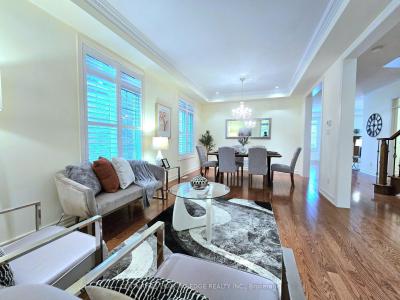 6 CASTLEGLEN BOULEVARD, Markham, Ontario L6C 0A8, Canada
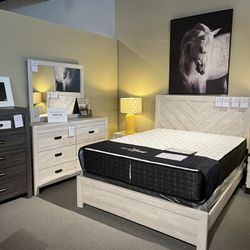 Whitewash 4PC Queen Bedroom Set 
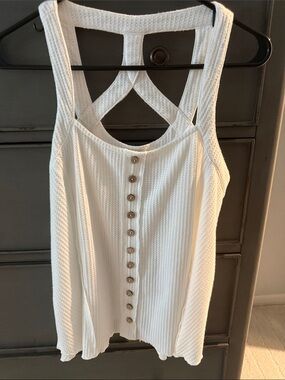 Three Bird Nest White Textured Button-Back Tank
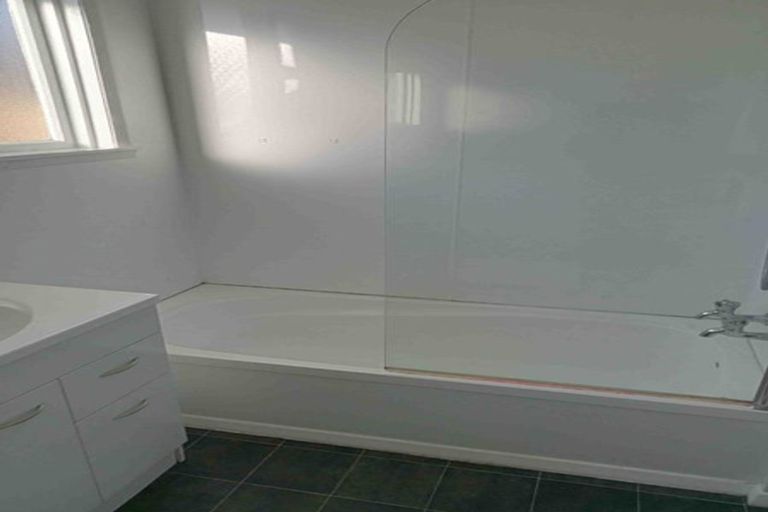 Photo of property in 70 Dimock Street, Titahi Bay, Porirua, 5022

------------------------------

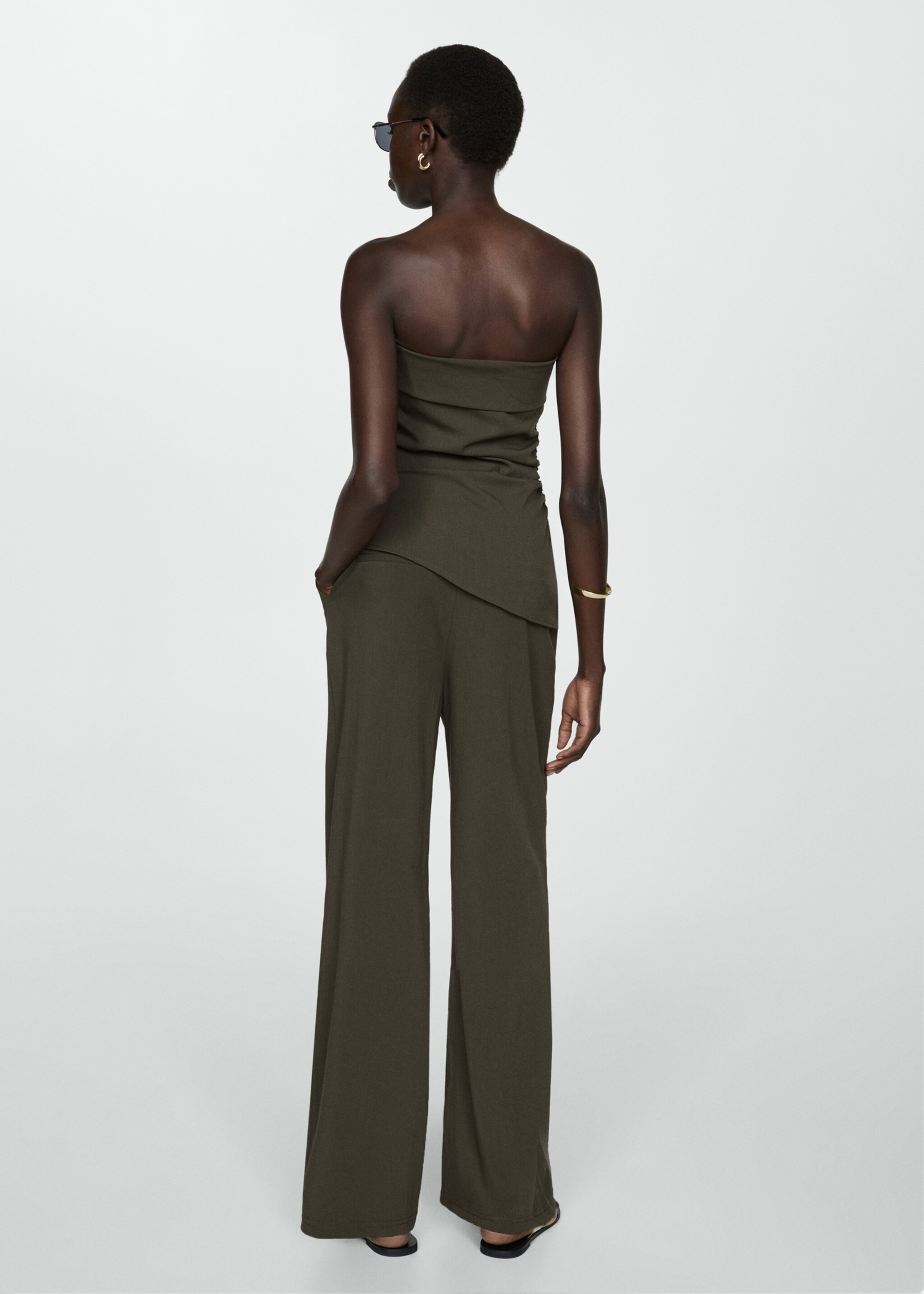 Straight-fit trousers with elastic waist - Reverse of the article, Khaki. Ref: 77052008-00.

------------------------------

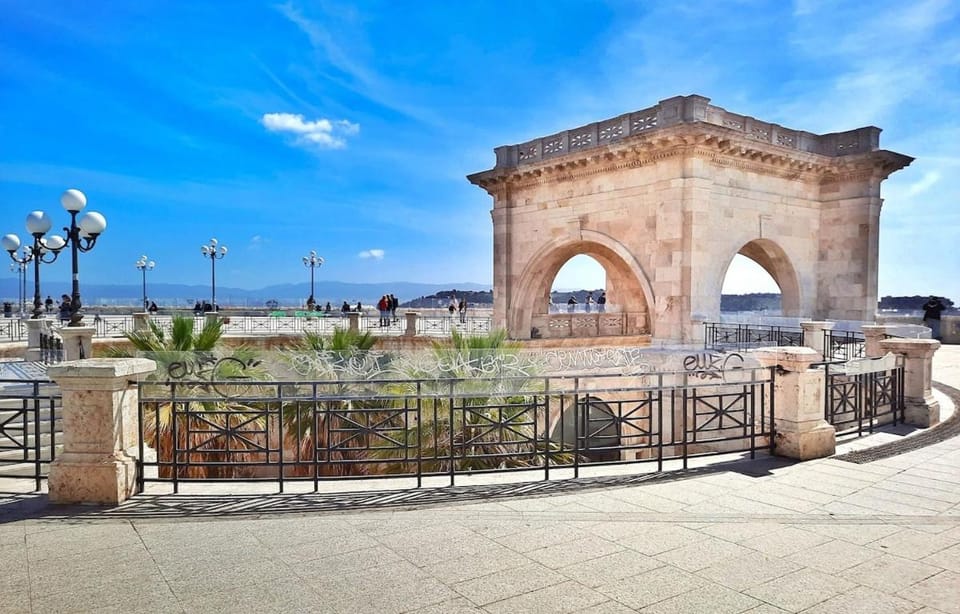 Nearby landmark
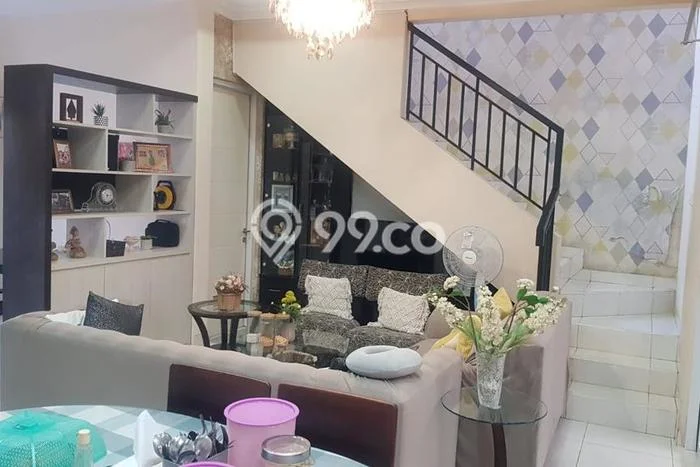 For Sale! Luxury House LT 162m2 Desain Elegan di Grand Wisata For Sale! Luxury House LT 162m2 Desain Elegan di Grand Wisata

------------------------------

Exercise directions
Look above for the line with "Whitewash 4PC Queen Bedroom Set" and the line with "Photo of property". Output those two and everything between them exactly, pictures excluded.

Exercise result
 Whitewash 4PC Queen Bedroom Set 
 Three Bird Nest White Textured Button-Back Tank
 Photo of property in 70 Dimock Street, Titahi Bay, Porirua, 5022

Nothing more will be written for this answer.